** Opening Recorded information block **

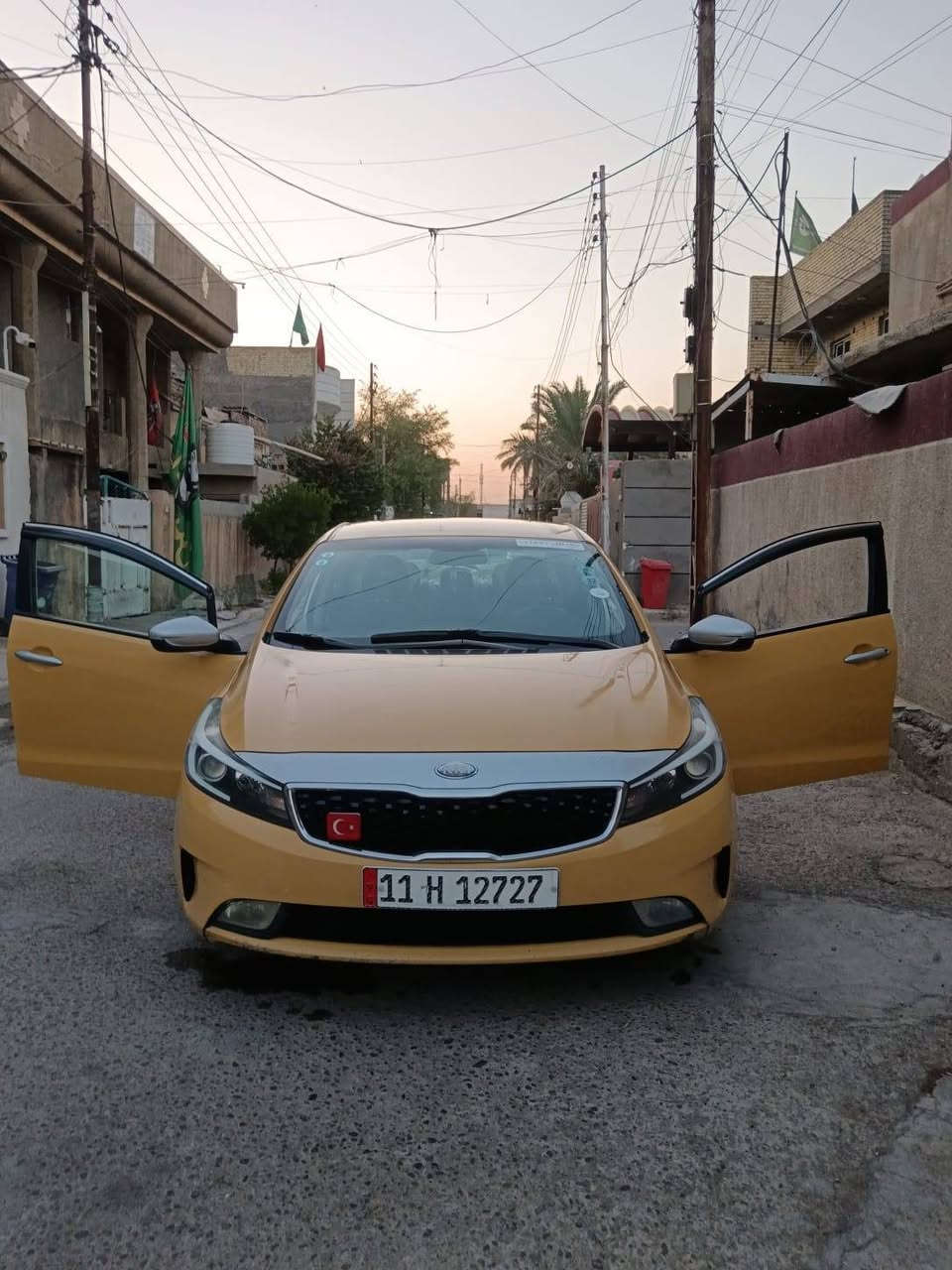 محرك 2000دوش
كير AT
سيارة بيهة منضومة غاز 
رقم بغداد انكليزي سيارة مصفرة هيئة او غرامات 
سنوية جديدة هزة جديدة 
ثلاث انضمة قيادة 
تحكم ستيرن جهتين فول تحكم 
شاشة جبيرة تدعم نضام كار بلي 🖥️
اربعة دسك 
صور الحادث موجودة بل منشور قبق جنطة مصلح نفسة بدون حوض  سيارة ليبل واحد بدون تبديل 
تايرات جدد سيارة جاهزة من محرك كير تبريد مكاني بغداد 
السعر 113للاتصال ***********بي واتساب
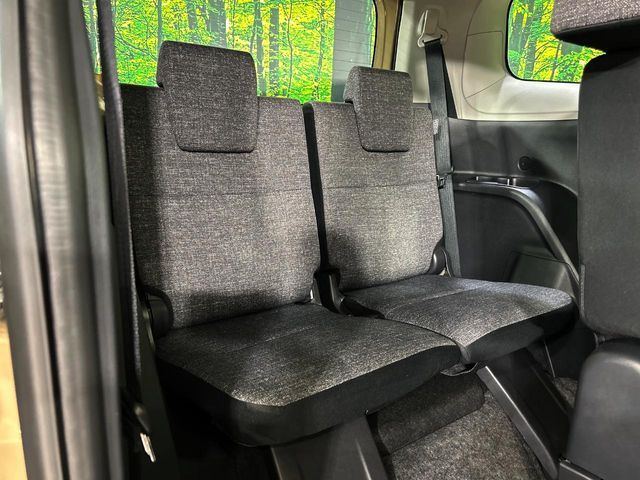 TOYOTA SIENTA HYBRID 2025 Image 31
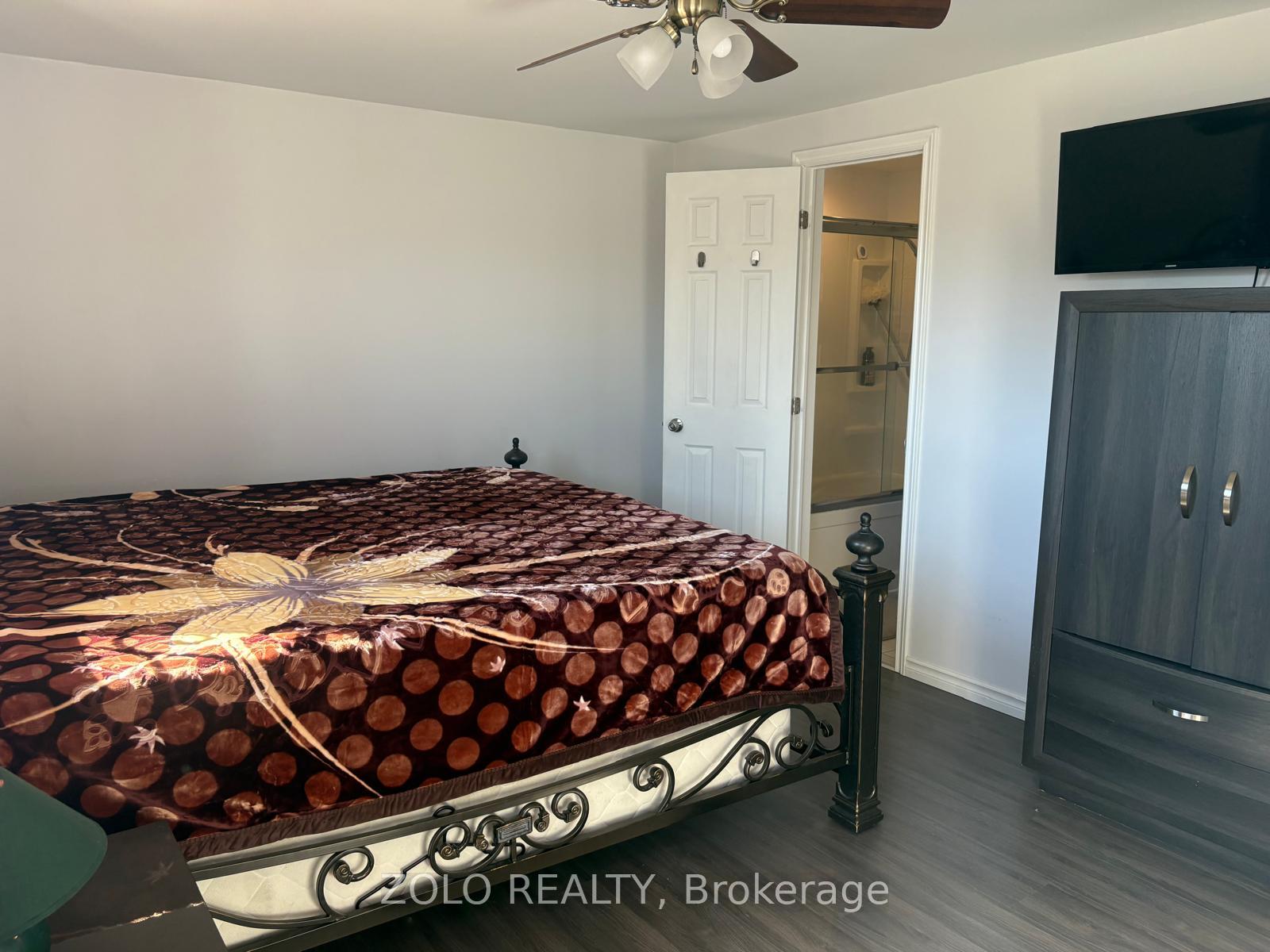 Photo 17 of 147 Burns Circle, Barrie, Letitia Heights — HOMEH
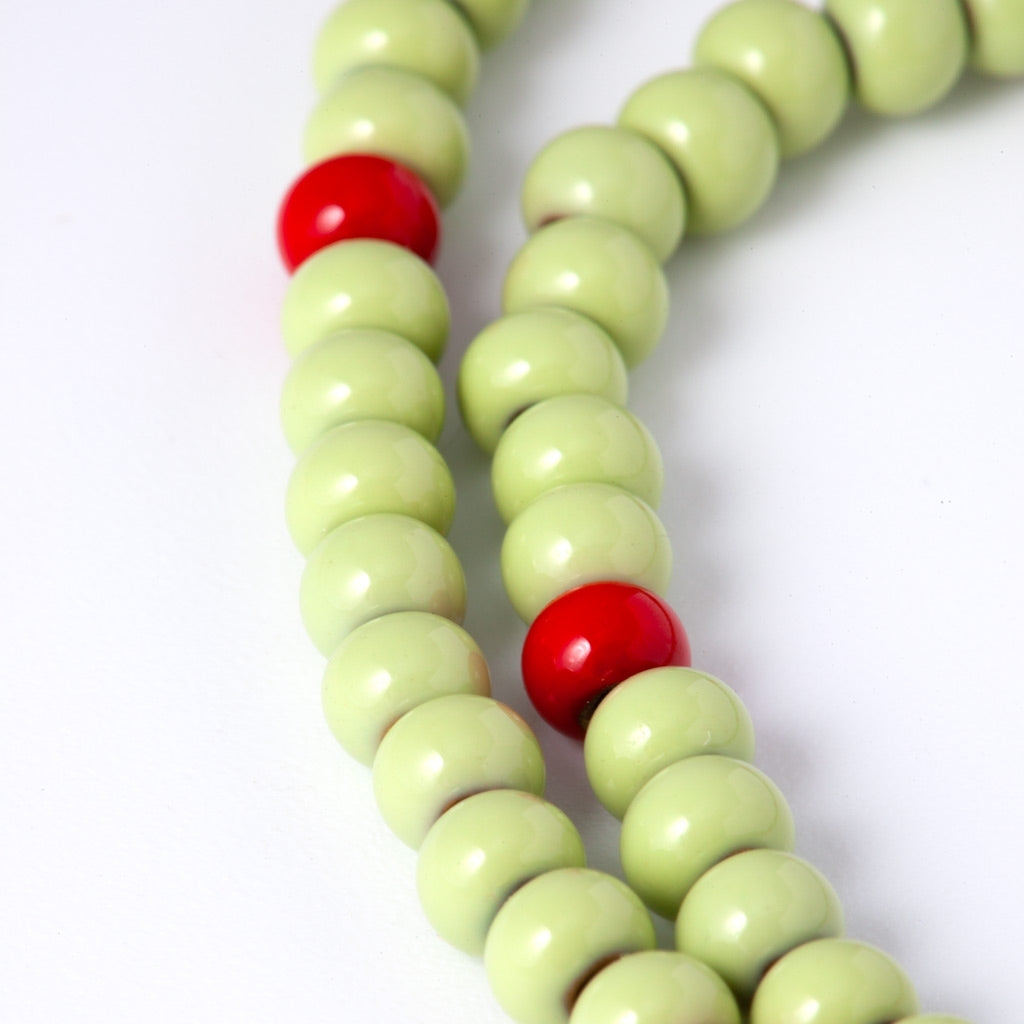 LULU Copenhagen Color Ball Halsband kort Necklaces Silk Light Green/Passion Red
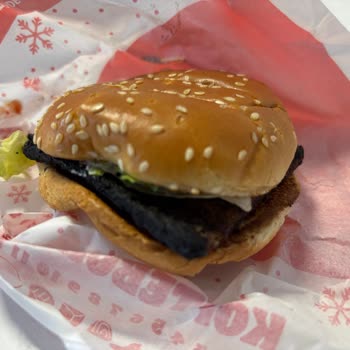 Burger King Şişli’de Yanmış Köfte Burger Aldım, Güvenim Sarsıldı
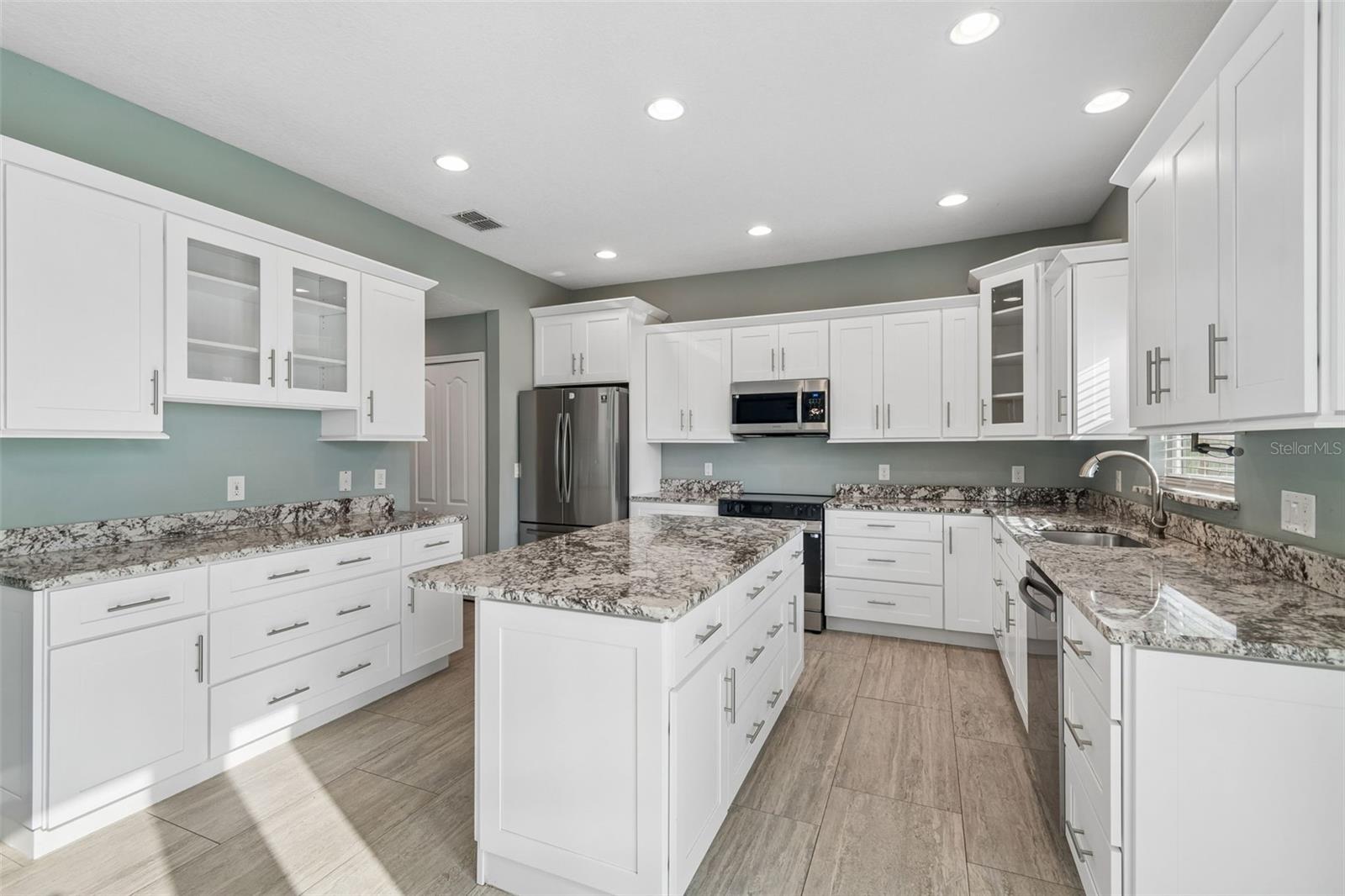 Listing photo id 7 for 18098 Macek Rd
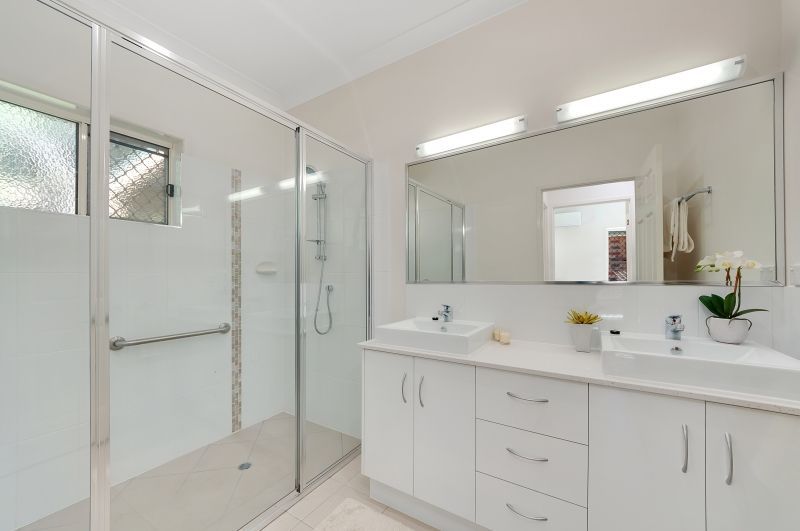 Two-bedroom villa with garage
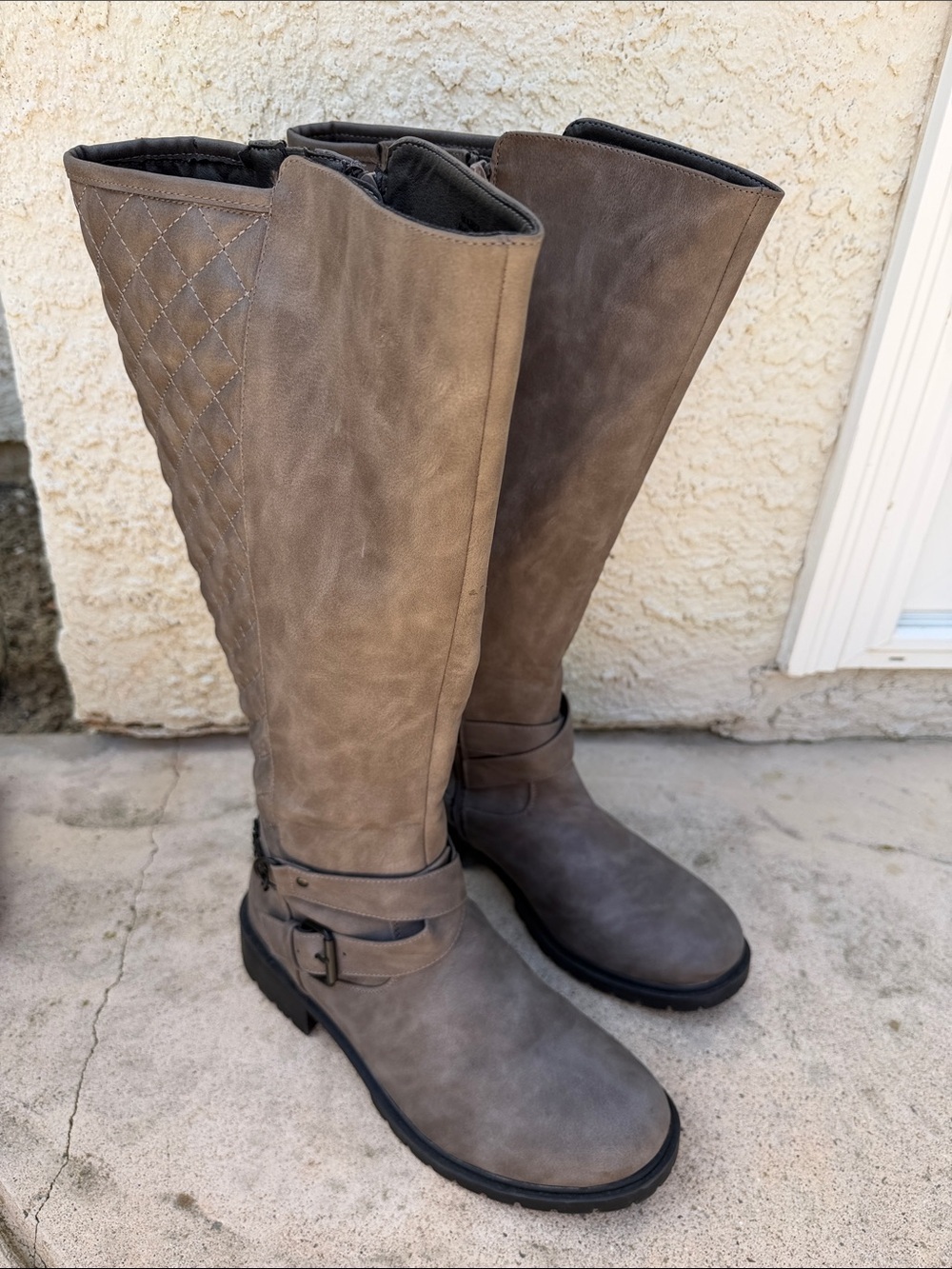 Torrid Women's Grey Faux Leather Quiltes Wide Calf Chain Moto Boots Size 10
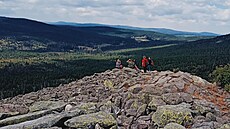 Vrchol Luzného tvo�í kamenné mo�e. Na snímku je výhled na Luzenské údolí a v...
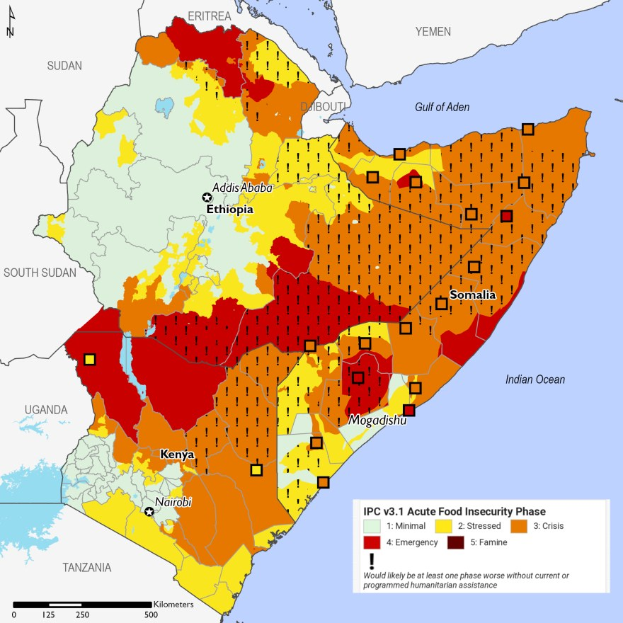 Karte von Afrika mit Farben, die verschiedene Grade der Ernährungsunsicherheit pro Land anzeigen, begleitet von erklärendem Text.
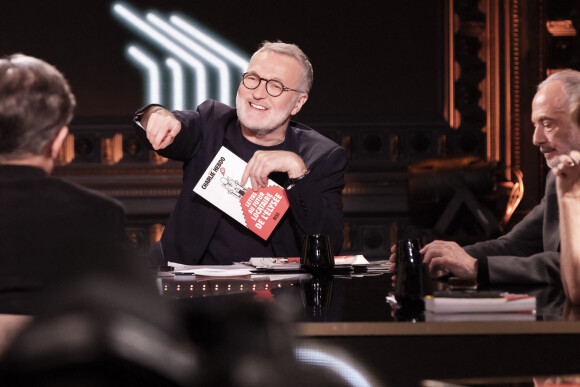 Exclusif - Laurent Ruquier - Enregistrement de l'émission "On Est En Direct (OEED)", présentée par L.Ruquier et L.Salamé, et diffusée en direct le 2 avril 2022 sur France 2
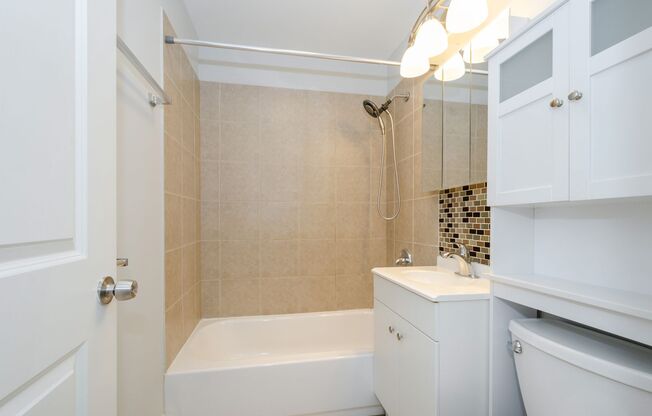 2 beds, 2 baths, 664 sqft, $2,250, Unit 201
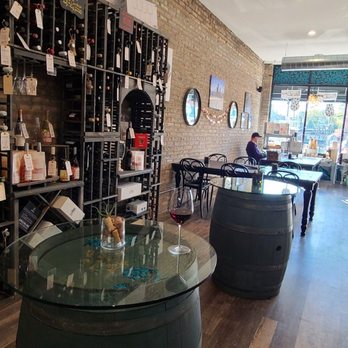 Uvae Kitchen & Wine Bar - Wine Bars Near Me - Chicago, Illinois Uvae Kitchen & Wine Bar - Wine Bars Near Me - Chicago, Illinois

** Closing Recorded information block **

Show me all lines in the records that contain "سيارة".

> **Exercise response**:
سيارة بيهة منضومة غاز 
رقم بغداد انكليزي سيارة مصفرة هيئة او غرامات 
صور الحادث موجودة بل منشور قبق جنطة مصلح نفسة بدون حوض  سيارة ليبل واحد بدون تبديل 
تايرات جدد سيارة جاهزة من محرك كير تبريد مكاني بغداد 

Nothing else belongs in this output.